• What is needed
From the line containing "Otiorhynchus sulcatus" through the last line below, copy every line exactly, leaving out the pictures.

Scraped caption text data
####################

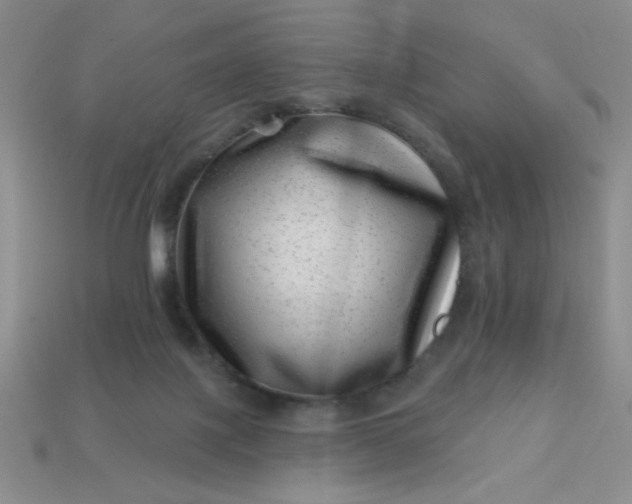 X0000113000075200909101805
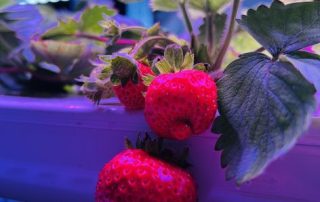 Grow light distance for strawberry plants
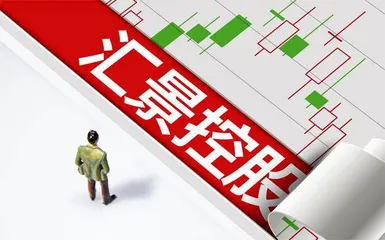 汇景控股股价大跌风险分析5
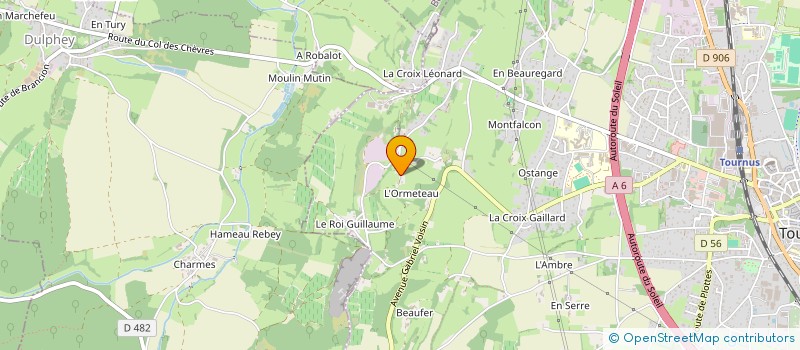 localisation de l'entreprise MONSIEUR WOUTER MICHON  TOURNUS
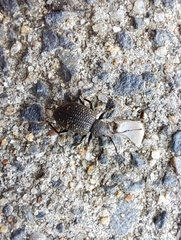 Otiorhynchus sulcatus
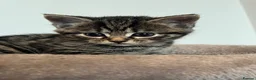Mixed Breed cats for sale: Gorgeous half Siberian kittens - Advert 13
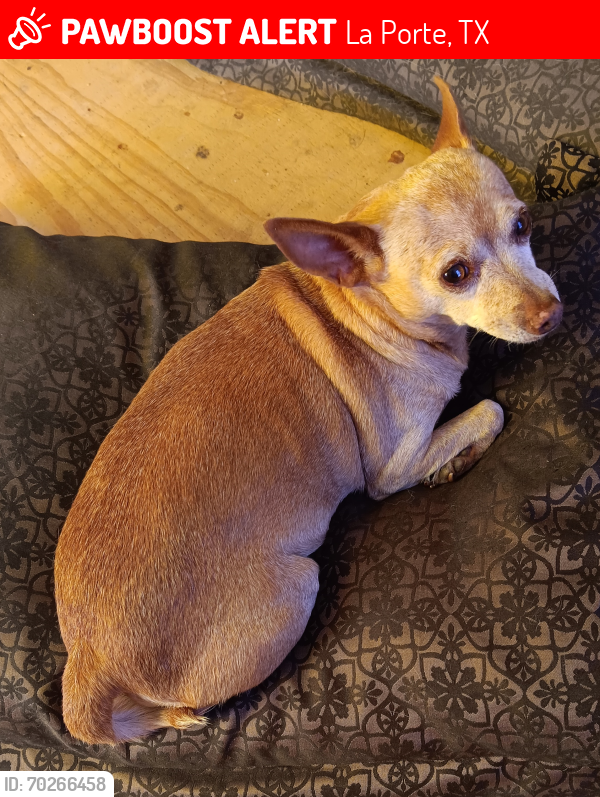 Lost Female Dog last seen La Porte, TX, La Porte, TX 77572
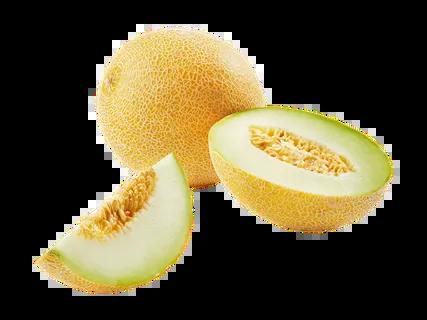 Melon Galia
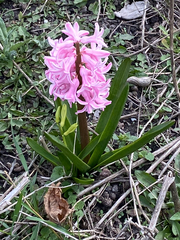 Hyacinthus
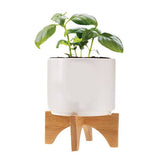 Ceramic Planter Set (Q965211)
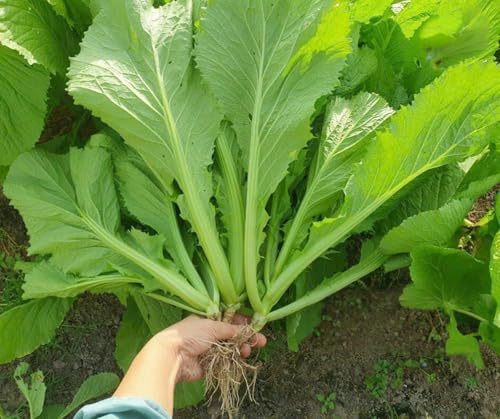 2000 Organic Mustard Green Seeds - Cải Bẹ Xanh - Leaf Mustard, GAI Choy - Non-GMO, Heirloom, Made in USA 99% Germination Rate - Vegetable for Yard & Garden Planting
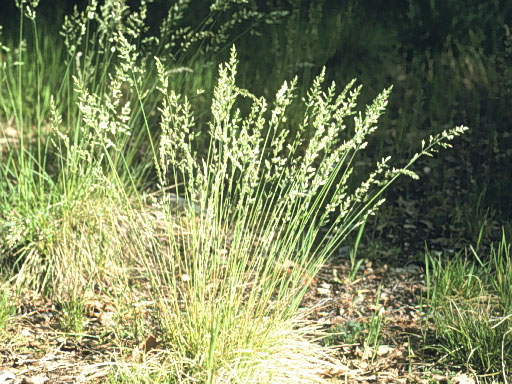 FESTUCA, POA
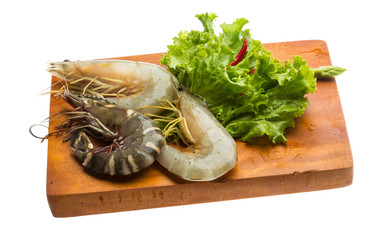 Tiger prawn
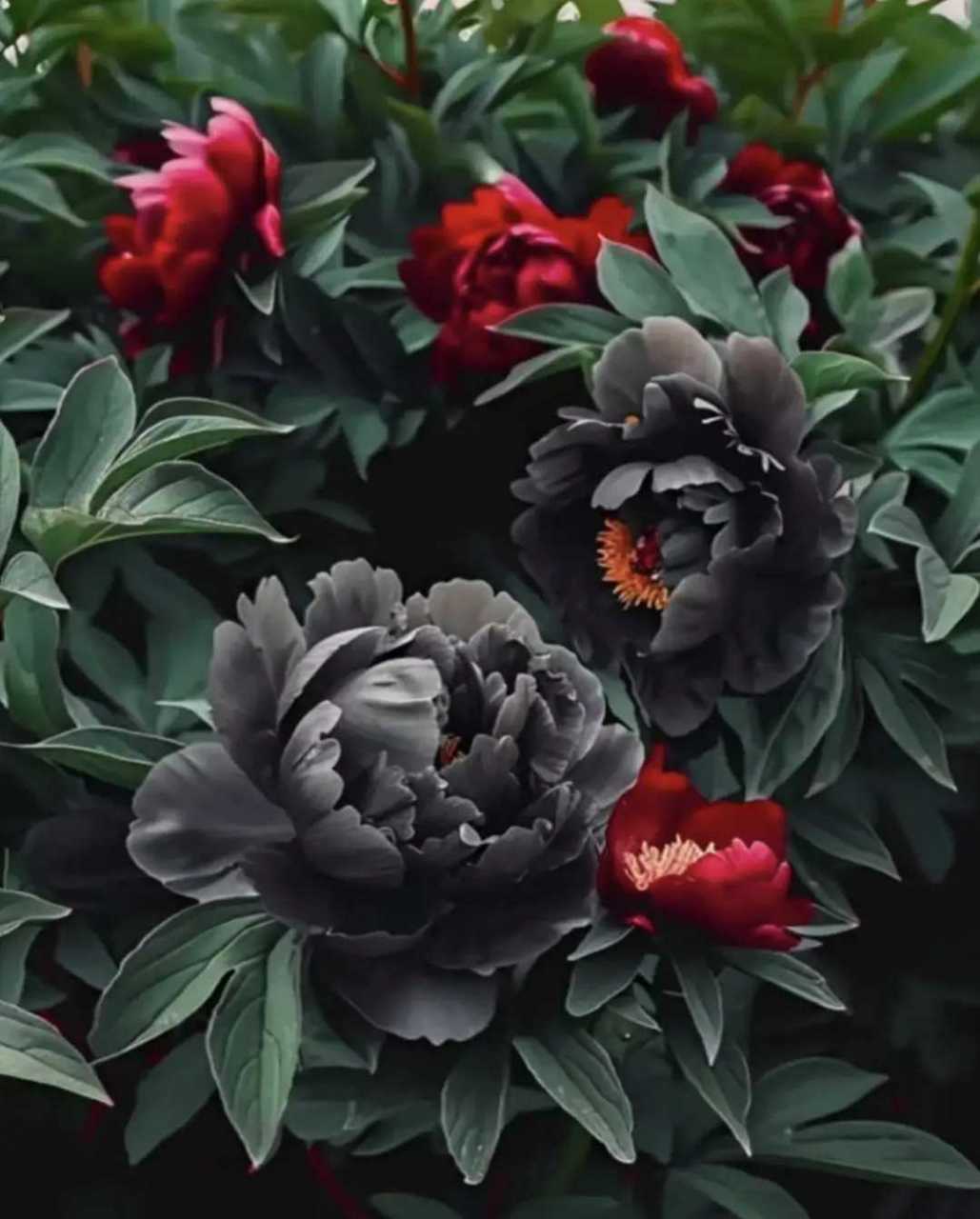 第一次见黑色牡丹花,谁知道它的主要产地是哪里啊?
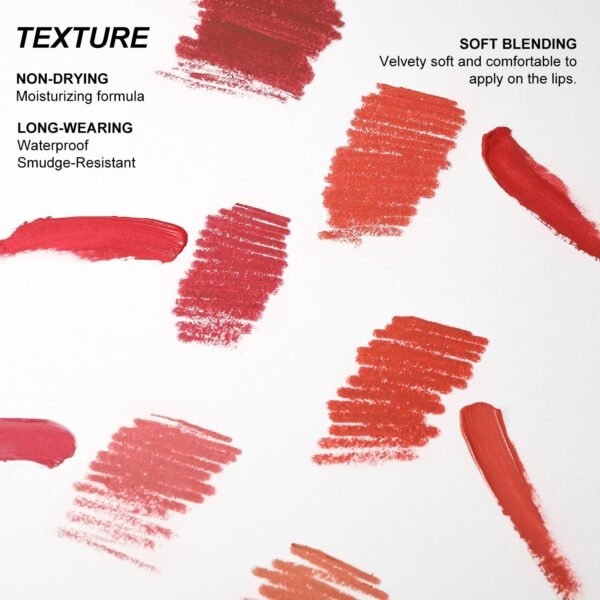 YOUNG VISION Liquid Lipstick & Lip liner Combo Set, Matte Lip Contour Kit - Durable, Waterproof, Kit de Labios Matte for Lasting Definition…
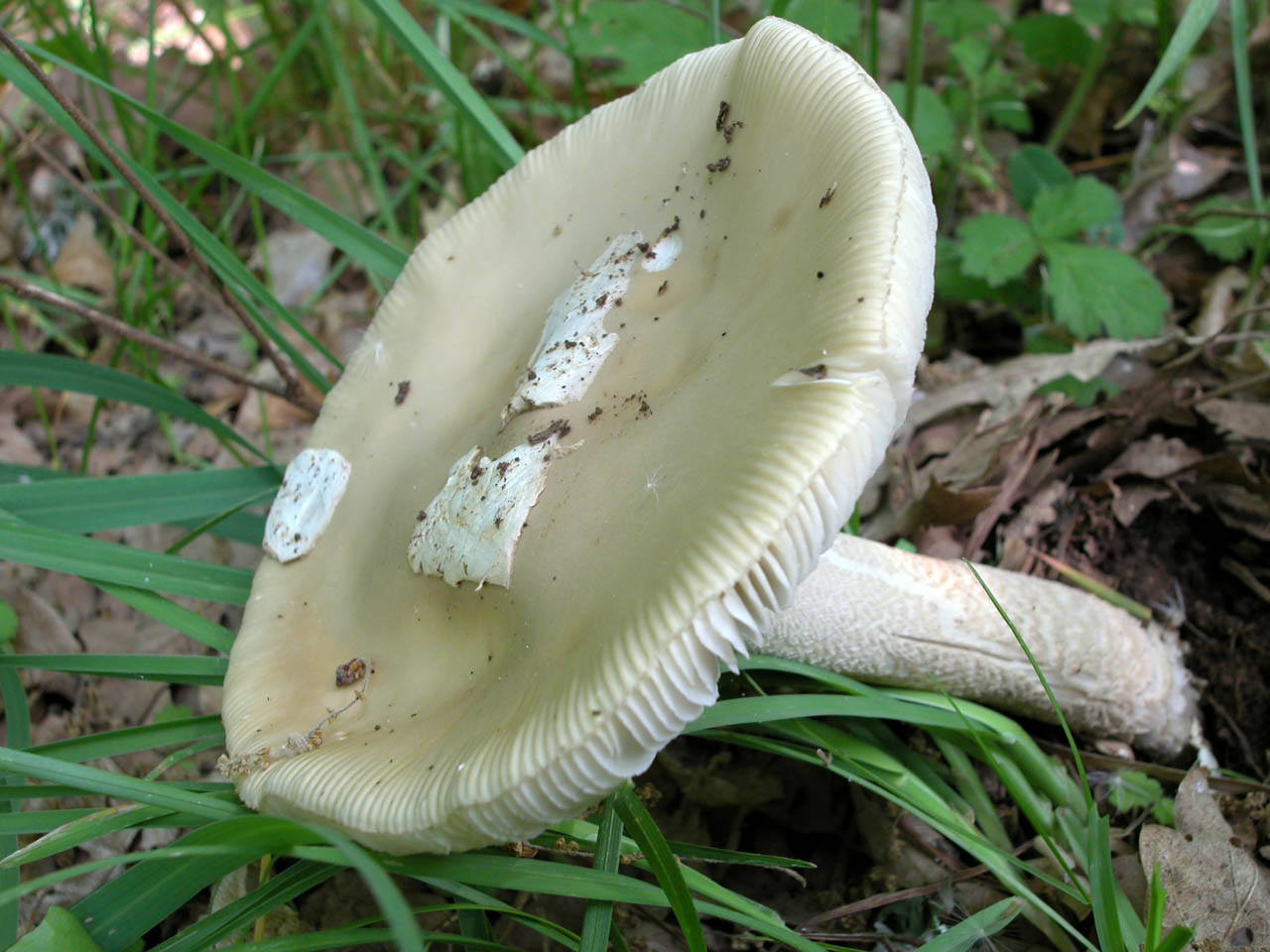 Ritrovamenti dalla Valnerina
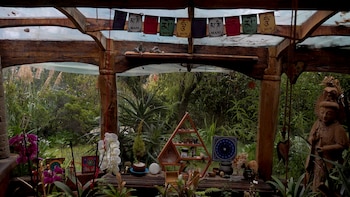 Sus casas están rodeadas de naturaleza boscosa donde las nubes suelen estacionarse creando un ambiente único e inspirador 
CRÉDITO: Max Alonso - Infobae México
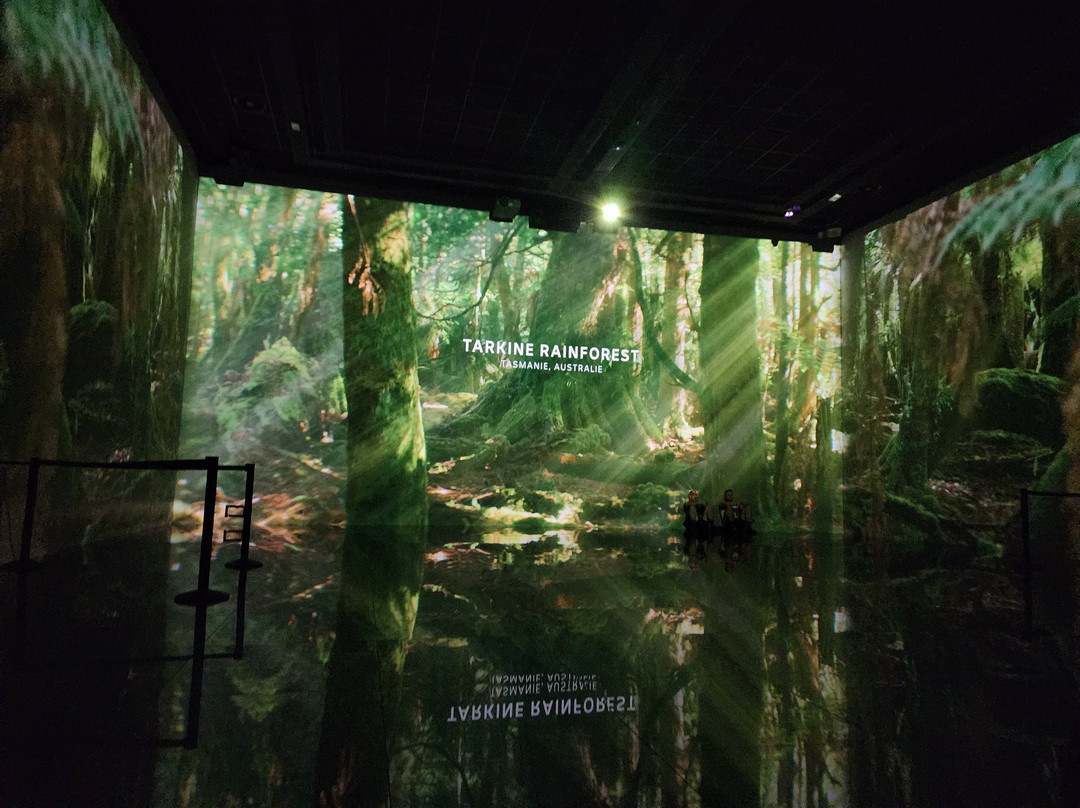 Bassins De Lumières-波尔多必去景点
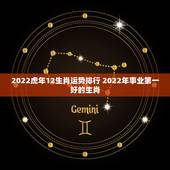2022虎年12生肖运势排行 2022年事业第一好的生肖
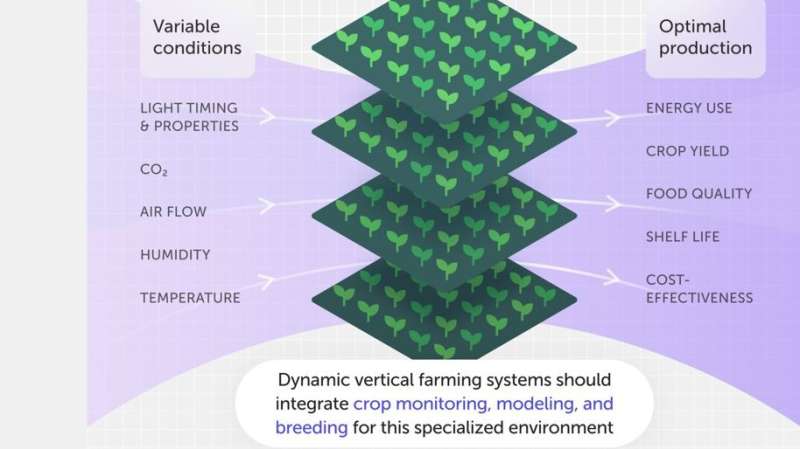 New indoor vertical farming research could help future-proof food demand for a changing planet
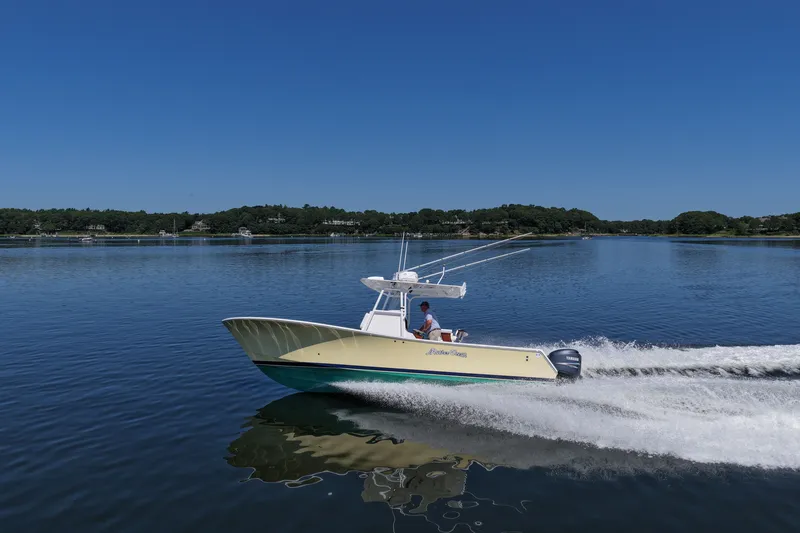 Slide: The Image of 2007 Regulator 29 Forward Seating boat cruising on a calm lake under clear blue skies. - 26
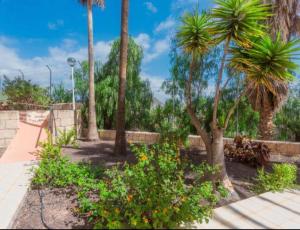 einen Park mit Palmen und Blumen auf einem Gehweg in der Unterkunft Flat in Chayofa in Chayofa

####################

• Reply to the exercise
 Otiorhynchus sulcatus
Mixed Breed cats for sale: Gorgeous half Siberian kittens - Advert 13
 Lost Female Dog last seen La Porte, TX, La Porte, TX 77572
 Melon Galia
 Hyacinthus
 Ceramic Planter Set (Q965211)
 2000 Organic Mustard Green Seeds - Cải Bẹ Xanh - Leaf Mustard, GAI Choy - Non-GMO, Heirloom, Made in USA 99% Germination Rate - Vegetable for Yard & Garden Planting
 FESTUCA, POA
 Tiger prawn
 第一次见黑色牡丹花,谁知道它的主要产地是哪里啊?
 YOUNG VISION Liquid Lipstick & Lip liner Combo Set, Matte Lip Contour Kit - Durable, Waterproof, Kit de Labios Matte for Lasting Definition…
 Ritrovamenti dalla Valnerina
 Sus casas están rodeadas de naturaleza boscosa donde las nubes suelen estacionarse creando un ambiente único e inspirador 
CRÉDITO: Max Alonso - Infobae México
 Bassins De Lumières-波尔多必去景点
2022虎年12生肖运势排行 2022年事业第一好的生肖
 New indoor vertical farming research could help future-proof food demand for a changing planet
 Slide: The Image of 2007 Regulator 29 Forward Seating boat cruising on a calm lake under clear blue skies. - 26
 einen Park mit Palmen und Blumen auf einem Gehweg in der Unterkunft Flat in Chayofa in Chayofa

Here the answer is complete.